Charles à Court Repington
Charles à Court
Heytesbury, Wiltshire, England
25 May 1925
Hove, Sussex, England
British Army
1878–1902
War correspondent and author
Early life[edit]
Charles à Court was born at Heytesbury, in the county of Wiltshire on 29 January 1858, the son of Charles Henry Wyndham A'Court Repington, M.P. His family name at birth was à Court.

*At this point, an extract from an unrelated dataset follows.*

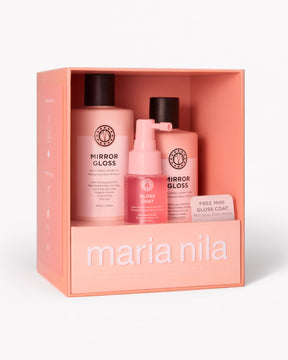 Maria Nila haircare gift set in a peach-colored box, containing two Mirror Gloss bottles, and a Gloss Coat pump bottle, on a white background.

In his memoir, he later wrote: "The à Courts are Wiltshire folk, and in old days represented Heytesbury in Parliament... The name of Repington, under the terms of an old will, was assumed by all the à Courts in turn as they succeeded to the Amington Hall Estate, and I followed the rule when my father died in 1903."[4][5] He received his early formal education at Eton College and the Royal Military College, Sandhurst.
Military career[edit]
He commenced his military career as a commissioned infantry officer in 1878 with the British Army's Rifle Brigade.[6] After serving in Afghanistan, Burma, and Sudan, he entered the Staff College at Camberley, where he was a brilliant student,[5] and where his peers included the future senior generals Herbert Plumer and Horace Smith-Dorrien. On graduation from Staff College he served as a military attaché in Brussels and The Hague, following which he was promoted to lieutenant-colonel. He served as a staff officer during the Second Boer War in South Africa 1899–1901, and was appointed a Companion of the Order of St Michael and St George (CMG) during the conflict.[7]
After returning from the war, what had appeared to be a promising military career was cut short during a posting to Egypt in 1902 where Repington re-engaged a romantic affair dating back to the late 1890s with Lady Garstin, the wife of a British official, William Garstin, which became public. He was reprimanded by senior military authorities, as he had given a written promise "upon his honour as a soldier and gentleman" previously to have no further dealings with her. He had given this "parole" to Henry Wilson (a friend of Mary Garstin's late father, who had been asked by her family to get involved) on 9 October 1899. Repington told Wilson – at Chieveley, near Colenso in South Africa, during the 2nd Boer War campaign in February 1901 – that he regarded himself as absolved from his promise to give Mary Garstin up after learning that her husband had been spreading rumours of his other infidelities. During the divorce proceedings, it was revealed that Repington had ignored warnings about his behaviour (i.e. had "broken his parole") and had continued with the affair. Wilson was unable or unwilling to confirm Repington's claim that he had released him from his parole in South Africa. Repington believed that Wilson had betrayed a fellow soldier in this, but was forced to resign his commission and retire from the British Army in social disgrace with the rank of Lieutenant Colonel on 15 January 1902.[8][9] In a subsequent career as a journalist, specializing in military matters, he was a strong critic of Wilson whenever the opportunity presented itself.[5][10]
Later life[edit]
After the end of the war Repington joined the staff of The Daily Telegraph, and subsequently published several books. These works included The First World War (1920), and After the War (1922), which were bestsellers, but cost Repington friendships for his apparent willingness to report what others considered to have been private conversations.
Death[edit]
He died on 25 May 1925 at Pembroke Lodge in Hove, East Sussex. He was 67 years old. His body was buried at Hove Cemetery, Old Shoreham Road.
Personal life[edit]
On 11 February 1882, Repington married Melloney Catherine (died 1934), daughter of Colonel Henry Sales Scobell, of Abbey House, Pershore, High Sheriff of Worcestershire in 1872; she was a sister of Major-General Henry Jenner Scobell. The marriage produced four children: Charles Edward Geoffrey (1888-1889), (Melloney) Catherine ("Kitty") Isabel (1891–1965), Elizabeth Frances (1892-1950), and Violet Emily (1895-1898); they were judicially separated in 1902.[17][18] Repington subsequently married Mary North (formerly Lady Garstin), and had a daughter, Laetitia Frances Mary, born in 1911.[19]